**PROBLEM TO SOLVE**
Output all of the data verbatim.

**EXERCISE MATERIALS**
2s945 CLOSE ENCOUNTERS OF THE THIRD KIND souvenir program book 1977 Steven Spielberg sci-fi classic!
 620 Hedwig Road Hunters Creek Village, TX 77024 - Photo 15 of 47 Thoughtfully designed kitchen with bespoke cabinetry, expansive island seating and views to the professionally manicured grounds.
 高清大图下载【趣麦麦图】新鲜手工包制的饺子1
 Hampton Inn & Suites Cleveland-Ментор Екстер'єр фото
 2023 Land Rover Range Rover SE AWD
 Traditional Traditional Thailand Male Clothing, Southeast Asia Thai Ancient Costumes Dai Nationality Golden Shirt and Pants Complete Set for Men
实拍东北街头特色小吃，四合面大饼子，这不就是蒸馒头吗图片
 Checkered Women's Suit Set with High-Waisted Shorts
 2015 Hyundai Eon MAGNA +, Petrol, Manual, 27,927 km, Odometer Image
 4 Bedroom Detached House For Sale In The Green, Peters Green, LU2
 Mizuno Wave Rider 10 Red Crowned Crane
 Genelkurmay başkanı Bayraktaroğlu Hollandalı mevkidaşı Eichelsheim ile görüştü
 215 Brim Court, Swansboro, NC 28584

**TASK ANSWER**
2s945 CLOSE ENCOUNTERS OF THE THIRD KIND souvenir program book 1977 Steven Spielberg sci-fi classic!
 620 Hedwig Road Hunters Creek Village, TX 77024 - Photo 15 of 47 Thoughtfully designed kitchen with bespoke cabinetry, expansive island seating and views to the professionally manicured grounds.
 高清大图下载【趣麦麦图】新鲜手工包制的饺子1
 Hampton Inn & Suites Cleveland-Ментор Екстер'єр фото
 2023 Land Rover Range Rover SE AWD
 Traditional Traditional Thailand Male Clothing, Southeast Asia Thai Ancient Costumes Dai Nationality Golden Shirt and Pants Complete Set for Men
实拍东北街头特色小吃，四合面大饼子，这不就是蒸馒头吗图片
 Checkered Women's Suit Set with High-Waisted Shorts
 2015 Hyundai Eon MAGNA +, Petrol, Manual, 27,927 km, Odometer Image
 4 Bedroom Detached House For Sale In The Green, Peters Green, LU2
 Mizuno Wave Rider 10 Red Crowned Crane
 Genelkurmay başkanı Bayraktaroğlu Hollandalı mevkidaşı Eichelsheim ile görüştü
 215 Brim Court, Swansboro, NC 28584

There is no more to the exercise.